> _Provided records_:
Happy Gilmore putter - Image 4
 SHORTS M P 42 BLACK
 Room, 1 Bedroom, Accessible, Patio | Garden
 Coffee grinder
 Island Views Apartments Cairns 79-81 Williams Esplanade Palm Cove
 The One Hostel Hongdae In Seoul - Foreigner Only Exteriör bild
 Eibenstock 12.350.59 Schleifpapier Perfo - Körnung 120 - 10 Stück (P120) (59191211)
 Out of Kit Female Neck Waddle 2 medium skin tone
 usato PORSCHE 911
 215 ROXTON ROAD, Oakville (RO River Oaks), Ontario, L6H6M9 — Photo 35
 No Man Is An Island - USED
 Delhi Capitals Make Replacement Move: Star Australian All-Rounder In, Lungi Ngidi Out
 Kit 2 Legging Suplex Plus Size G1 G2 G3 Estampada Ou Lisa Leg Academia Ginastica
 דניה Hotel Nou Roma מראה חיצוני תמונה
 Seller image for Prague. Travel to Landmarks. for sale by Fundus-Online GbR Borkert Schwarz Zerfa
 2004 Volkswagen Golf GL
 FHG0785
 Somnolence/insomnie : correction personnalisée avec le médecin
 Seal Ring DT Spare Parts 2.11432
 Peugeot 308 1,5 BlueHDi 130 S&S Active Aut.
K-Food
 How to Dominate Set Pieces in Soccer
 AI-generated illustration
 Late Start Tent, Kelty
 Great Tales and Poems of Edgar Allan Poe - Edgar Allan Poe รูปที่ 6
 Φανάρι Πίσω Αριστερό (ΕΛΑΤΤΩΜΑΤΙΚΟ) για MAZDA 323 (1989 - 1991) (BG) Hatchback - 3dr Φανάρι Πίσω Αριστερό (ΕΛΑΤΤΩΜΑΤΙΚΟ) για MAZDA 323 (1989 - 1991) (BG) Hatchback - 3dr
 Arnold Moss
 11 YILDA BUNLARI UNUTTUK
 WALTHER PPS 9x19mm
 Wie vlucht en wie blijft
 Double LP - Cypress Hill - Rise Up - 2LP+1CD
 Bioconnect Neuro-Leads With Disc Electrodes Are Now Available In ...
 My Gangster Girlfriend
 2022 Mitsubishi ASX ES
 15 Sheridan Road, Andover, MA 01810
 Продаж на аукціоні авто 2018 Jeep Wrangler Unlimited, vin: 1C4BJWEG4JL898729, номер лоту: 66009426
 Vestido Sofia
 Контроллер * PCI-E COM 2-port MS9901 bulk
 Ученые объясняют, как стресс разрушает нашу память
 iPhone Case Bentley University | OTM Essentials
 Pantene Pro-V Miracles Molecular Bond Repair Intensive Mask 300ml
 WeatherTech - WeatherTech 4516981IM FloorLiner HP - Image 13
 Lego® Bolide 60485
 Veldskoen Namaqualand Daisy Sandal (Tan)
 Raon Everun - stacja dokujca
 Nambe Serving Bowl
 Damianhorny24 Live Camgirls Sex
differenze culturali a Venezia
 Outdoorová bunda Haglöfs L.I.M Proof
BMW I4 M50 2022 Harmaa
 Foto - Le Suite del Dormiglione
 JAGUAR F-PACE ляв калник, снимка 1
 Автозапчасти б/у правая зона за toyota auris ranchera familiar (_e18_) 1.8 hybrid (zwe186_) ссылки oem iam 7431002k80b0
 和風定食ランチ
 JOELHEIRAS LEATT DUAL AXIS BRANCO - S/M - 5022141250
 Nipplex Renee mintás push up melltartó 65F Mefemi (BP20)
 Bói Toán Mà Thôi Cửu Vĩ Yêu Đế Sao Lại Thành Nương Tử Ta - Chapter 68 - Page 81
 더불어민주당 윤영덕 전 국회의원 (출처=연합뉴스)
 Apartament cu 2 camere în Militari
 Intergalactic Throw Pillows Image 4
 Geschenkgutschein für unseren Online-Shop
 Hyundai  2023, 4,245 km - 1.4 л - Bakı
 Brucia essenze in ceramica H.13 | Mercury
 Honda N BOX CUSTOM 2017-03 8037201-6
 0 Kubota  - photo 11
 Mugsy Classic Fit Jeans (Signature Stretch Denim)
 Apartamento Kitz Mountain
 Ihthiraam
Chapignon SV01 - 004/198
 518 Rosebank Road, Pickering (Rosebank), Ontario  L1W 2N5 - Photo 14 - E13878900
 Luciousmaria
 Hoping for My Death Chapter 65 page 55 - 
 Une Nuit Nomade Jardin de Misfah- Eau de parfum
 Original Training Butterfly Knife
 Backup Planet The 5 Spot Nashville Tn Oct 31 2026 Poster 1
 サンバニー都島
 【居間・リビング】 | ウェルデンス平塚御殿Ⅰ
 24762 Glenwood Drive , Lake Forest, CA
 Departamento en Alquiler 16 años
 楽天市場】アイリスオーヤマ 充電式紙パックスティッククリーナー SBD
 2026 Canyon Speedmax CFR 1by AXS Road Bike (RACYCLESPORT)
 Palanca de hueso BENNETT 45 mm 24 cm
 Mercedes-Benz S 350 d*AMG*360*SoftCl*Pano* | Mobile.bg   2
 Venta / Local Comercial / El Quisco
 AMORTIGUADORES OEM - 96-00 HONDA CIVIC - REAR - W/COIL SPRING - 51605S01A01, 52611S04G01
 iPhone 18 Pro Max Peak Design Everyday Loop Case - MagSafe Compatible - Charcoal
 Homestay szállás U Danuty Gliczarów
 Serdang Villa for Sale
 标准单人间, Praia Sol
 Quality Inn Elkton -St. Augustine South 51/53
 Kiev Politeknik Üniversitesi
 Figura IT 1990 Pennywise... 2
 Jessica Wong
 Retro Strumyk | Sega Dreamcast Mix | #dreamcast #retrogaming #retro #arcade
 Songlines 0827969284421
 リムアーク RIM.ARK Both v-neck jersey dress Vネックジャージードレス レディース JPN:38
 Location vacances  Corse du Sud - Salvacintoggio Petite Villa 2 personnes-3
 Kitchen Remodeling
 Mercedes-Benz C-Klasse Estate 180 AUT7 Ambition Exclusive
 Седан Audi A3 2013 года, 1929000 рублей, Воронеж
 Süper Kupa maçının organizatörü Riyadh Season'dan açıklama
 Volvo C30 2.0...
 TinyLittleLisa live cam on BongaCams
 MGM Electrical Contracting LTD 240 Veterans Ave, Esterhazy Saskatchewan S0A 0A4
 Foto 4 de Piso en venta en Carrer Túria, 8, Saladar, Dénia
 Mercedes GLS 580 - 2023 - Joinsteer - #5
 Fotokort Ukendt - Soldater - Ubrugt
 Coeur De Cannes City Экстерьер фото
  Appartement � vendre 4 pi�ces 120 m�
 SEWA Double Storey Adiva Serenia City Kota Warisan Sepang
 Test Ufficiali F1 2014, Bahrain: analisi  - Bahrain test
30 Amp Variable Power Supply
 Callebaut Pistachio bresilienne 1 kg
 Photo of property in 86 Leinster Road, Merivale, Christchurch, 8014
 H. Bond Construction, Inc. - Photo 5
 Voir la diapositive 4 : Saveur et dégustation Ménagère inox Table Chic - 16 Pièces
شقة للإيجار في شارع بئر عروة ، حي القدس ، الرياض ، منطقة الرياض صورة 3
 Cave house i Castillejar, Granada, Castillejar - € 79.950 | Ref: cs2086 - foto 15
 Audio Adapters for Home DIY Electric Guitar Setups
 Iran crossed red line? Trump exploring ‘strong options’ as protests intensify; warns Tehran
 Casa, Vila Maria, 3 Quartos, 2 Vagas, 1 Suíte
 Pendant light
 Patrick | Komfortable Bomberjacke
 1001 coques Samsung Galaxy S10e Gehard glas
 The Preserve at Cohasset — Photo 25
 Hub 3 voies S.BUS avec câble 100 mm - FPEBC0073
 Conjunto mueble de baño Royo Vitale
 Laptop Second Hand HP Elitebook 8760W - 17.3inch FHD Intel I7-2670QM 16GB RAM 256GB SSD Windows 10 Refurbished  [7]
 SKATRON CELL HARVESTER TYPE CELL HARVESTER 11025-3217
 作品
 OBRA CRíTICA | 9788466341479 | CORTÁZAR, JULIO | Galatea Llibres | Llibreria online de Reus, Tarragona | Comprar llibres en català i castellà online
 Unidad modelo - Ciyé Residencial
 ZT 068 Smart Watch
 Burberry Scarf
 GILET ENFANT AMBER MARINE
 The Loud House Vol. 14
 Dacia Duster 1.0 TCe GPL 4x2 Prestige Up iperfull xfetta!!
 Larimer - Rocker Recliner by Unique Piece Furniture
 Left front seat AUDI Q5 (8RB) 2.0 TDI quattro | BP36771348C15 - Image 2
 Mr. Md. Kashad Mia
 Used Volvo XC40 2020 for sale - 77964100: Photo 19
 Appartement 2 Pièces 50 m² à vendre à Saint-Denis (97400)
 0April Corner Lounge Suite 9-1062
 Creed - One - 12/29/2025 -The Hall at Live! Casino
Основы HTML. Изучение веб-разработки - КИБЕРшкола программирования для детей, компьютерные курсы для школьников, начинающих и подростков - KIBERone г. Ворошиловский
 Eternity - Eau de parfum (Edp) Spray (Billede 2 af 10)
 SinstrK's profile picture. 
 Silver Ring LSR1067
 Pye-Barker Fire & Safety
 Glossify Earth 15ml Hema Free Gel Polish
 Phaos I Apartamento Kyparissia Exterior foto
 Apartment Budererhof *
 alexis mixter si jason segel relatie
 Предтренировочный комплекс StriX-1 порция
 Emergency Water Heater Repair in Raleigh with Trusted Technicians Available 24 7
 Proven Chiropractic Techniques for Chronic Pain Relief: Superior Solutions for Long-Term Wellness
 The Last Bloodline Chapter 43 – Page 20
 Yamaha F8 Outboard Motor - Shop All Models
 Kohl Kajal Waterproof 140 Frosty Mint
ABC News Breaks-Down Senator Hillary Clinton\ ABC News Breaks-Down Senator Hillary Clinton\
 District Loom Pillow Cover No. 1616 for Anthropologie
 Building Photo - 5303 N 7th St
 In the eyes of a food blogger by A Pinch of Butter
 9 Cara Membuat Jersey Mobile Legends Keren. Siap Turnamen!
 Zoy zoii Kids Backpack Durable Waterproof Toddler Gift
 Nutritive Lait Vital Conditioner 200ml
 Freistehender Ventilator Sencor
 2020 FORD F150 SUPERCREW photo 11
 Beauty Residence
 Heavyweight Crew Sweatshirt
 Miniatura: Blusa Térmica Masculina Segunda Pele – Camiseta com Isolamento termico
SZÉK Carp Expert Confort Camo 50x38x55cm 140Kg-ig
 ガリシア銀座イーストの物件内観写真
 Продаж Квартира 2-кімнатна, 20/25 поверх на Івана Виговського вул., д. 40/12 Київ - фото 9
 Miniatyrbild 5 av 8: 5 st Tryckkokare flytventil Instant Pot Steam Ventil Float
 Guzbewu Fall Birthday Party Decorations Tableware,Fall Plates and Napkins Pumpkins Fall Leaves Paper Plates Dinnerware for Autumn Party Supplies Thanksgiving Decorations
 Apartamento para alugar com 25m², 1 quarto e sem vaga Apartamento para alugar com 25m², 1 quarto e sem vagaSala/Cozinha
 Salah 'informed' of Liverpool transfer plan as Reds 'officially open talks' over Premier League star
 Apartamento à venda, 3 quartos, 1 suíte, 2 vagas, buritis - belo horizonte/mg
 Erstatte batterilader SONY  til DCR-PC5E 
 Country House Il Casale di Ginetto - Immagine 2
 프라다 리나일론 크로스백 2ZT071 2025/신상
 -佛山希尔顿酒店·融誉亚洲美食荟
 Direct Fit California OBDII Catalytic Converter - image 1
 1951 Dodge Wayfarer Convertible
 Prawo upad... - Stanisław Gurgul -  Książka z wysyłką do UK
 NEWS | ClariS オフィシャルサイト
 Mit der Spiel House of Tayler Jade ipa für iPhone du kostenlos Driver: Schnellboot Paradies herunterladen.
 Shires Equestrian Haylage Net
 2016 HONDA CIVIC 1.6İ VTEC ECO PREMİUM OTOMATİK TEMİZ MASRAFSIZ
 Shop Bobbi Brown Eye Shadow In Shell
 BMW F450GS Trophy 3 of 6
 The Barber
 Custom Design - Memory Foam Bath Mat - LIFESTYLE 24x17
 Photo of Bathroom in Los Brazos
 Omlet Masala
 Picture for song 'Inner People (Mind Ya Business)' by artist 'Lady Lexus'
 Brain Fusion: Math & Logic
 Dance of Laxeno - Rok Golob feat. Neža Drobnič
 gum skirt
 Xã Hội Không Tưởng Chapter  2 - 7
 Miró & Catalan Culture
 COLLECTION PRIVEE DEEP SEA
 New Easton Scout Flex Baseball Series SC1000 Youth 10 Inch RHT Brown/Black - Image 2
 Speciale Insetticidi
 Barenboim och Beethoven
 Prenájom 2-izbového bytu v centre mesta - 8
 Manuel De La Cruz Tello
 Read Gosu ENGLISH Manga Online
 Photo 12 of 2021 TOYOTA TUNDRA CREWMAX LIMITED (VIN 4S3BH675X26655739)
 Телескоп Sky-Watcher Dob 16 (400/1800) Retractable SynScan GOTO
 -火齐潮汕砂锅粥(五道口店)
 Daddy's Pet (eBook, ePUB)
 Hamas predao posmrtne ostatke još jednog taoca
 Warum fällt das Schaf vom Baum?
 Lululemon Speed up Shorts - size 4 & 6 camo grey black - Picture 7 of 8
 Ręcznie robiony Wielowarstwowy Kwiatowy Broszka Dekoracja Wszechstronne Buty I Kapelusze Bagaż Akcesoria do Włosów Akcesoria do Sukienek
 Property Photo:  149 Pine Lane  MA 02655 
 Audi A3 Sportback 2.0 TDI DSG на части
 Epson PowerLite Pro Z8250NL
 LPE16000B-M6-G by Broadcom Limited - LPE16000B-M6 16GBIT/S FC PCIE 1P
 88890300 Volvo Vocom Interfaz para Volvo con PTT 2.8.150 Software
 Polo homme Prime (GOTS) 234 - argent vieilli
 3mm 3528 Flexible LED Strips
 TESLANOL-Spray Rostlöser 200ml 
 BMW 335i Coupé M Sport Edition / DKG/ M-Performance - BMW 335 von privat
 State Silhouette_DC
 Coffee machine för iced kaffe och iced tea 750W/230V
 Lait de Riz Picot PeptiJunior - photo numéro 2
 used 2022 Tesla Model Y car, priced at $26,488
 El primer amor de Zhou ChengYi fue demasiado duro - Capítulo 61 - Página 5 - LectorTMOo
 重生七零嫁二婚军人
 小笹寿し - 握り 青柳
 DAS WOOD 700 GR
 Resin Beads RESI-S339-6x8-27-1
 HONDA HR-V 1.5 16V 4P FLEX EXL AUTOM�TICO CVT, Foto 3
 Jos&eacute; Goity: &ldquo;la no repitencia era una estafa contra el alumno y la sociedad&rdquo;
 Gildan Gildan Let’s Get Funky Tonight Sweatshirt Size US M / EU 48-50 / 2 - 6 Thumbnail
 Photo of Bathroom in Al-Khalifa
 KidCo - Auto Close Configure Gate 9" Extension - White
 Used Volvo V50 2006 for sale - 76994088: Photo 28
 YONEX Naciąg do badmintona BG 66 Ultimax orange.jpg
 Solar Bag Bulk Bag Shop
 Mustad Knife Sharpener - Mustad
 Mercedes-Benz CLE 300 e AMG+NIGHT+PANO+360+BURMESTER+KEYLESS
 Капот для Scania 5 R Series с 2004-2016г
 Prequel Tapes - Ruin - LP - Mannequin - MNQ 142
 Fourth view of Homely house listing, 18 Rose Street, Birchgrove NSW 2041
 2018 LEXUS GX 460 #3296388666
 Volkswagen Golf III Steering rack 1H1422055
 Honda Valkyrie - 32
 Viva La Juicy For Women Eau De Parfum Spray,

> _How to complete this task_:
Tell how many lines of the listing include the word "CIVIC", replying with nothing but the number.

> _Solution to this problem_:
2